The reroutings mark the biggest supply-side shakeup of the
global oil trade since the US shale revolution altered the shape of the market
around a decade ago and suggest Russia will be able to navigate a European
Union (EU) oil ban, provided Asia and China continue to buy its crude.
Sanctions imposed on Moscow after the conflict in Ukraine
kicked off in February, including a US ban on its oil imports, have prompted
Russia to pivot away from Europe, where its crude is shunned, to customers in
India and China who are picking up cargoes at a steep discount, according to
industry data and traders.
Russian exports were back to pre-invasion levels in April,
according to data from the Paris-based International Energy Agency and oil
prices have stabilized around US$110 after hitting a 14-year high above US$139
a barrel in March.
Even if
the European Union agrees to an oil ban in its next round of Russian sanctions,
analysts said the impact could be tempered by demand from Asia.

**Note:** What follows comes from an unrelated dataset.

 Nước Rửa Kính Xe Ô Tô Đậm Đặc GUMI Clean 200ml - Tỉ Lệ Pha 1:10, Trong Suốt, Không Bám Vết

"Unless the West puts diplomatic pressure on Asian
buyers, we do not see the supply gap widening and oil prices spiking,"
said Norbert Rücker of Julius Baer.
A complex patchwork of US, EU and British sanctions have
prohibited Russian-owned or flagged ships from calling at ports meaning that
some of the increased trade to Asia is being facilitated via ship-to-ship
transfer at sea -- a costly process where the risk of spills is greater.
Overall,
the flow of Russian oil to Asia via the sea has jumped at least 50% since the
start of the year, according to tanker-tracker Petro-Logistics and other data.
Transfers between vessels, which account for a small
fraction of the overall sea trade, have shifted away from the Danish coast to
the Mediterranean Sea to avoid sanctions and protests.
"Ship-to-ship (STS) transfers were common in Danish
waters, at the entry point of the Baltic Sea," Petro-Logistics President
Mark Gerber told Reuters. "Those are not happening anymore; hence the STS
trend of sanctioned tanker to non-sanctioned tanker increasing in the warmer
and friendlier Mediterranean waters."
Gerber put the volumes of Russian crude and products being
transferred between tankers in the Mediterranean at about 400,000 barrels per
day (bpd), of which the majority is going to Asia, adding to the 2.3 million
bpd going directly.
In
January, before the invasion, around 1.5 million bpd were being sent directly
to Asia.
Russian oil is loaded on Aframax or Suezmax tankers that
carry less than one million barrels and it is transferred at sea to larger
vessels that can take 2 million barrels, making shipping more cost effective,
traders said.
The seaborne volumes are only part of the total exports from
Russia. Including pipeline supplies, total Russian crude and products exports
increased to just above 8 million bpd in April, back to the pre-invasion rate.
To
compensate for the loss of Russian oil, European refiners have been turning to
imports of West African crude, which are up 17% in April compared to the
2018-2021 average according to Petro-Logistics.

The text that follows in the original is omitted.